[Short descriptive text snippets]
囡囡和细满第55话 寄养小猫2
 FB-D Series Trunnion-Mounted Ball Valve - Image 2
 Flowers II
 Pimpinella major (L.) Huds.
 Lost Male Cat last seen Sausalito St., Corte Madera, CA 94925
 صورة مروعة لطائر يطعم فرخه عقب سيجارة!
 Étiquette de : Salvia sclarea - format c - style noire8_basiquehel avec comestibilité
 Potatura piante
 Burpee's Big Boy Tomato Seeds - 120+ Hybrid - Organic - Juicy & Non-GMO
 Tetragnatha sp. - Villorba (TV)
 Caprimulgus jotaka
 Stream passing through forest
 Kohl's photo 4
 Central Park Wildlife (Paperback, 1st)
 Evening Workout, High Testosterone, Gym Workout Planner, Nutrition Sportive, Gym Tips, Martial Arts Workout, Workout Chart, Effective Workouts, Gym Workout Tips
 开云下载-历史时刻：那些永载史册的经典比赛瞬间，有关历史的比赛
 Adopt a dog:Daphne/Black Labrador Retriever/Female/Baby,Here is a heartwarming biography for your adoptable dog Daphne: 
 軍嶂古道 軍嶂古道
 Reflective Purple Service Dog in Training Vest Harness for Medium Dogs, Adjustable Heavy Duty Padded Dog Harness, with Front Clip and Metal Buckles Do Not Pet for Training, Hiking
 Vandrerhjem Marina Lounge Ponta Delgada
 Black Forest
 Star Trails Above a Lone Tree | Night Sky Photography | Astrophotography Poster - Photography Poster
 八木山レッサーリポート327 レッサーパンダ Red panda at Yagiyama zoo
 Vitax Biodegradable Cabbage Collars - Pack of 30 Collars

**What the exercise asks:**
Exactly as shown, give every record again.

**Answer for this exercise:**
囡囡和细满第55话 寄养小猫2
 FB-D Series Trunnion-Mounted Ball Valve - Image 2
 Flowers II
 Pimpinella major (L.) Huds.
 Lost Male Cat last seen Sausalito St., Corte Madera, CA 94925
 صورة مروعة لطائر يطعم فرخه عقب سيجارة!
 Étiquette de : Salvia sclarea - format c - style noire8_basiquehel avec comestibilité
 Potatura piante
 Burpee's Big Boy Tomato Seeds - 120+ Hybrid - Organic - Juicy & Non-GMO
 Tetragnatha sp. - Villorba (TV)
 Caprimulgus jotaka
 Stream passing through forest
 Kohl's photo 4
 Central Park Wildlife (Paperback, 1st)
 Evening Workout, High Testosterone, Gym Workout Planner, Nutrition Sportive, Gym Tips, Martial Arts Workout, Workout Chart, Effective Workouts, Gym Workout Tips
 开云下载-历史时刻：那些永载史册的经典比赛瞬间，有关历史的比赛
 Adopt a dog:Daphne/Black Labrador Retriever/Female/Baby,Here is a heartwarming biography for your adoptable dog Daphne: 
 軍嶂古道 軍嶂古道
 Reflective Purple Service Dog in Training Vest Harness for Medium Dogs, Adjustable Heavy Duty Padded Dog Harness, with Front Clip and Metal Buckles Do Not Pet for Training, Hiking
 Vandrerhjem Marina Lounge Ponta Delgada
 Black Forest
 Star Trails Above a Lone Tree | Night Sky Photography | Astrophotography Poster - Photography Poster
 八木山レッサーリポート327 レッサーパンダ Red panda at Yagiyama zoo
 Vitax Biodegradable Cabbage Collars - Pack of 30 Collars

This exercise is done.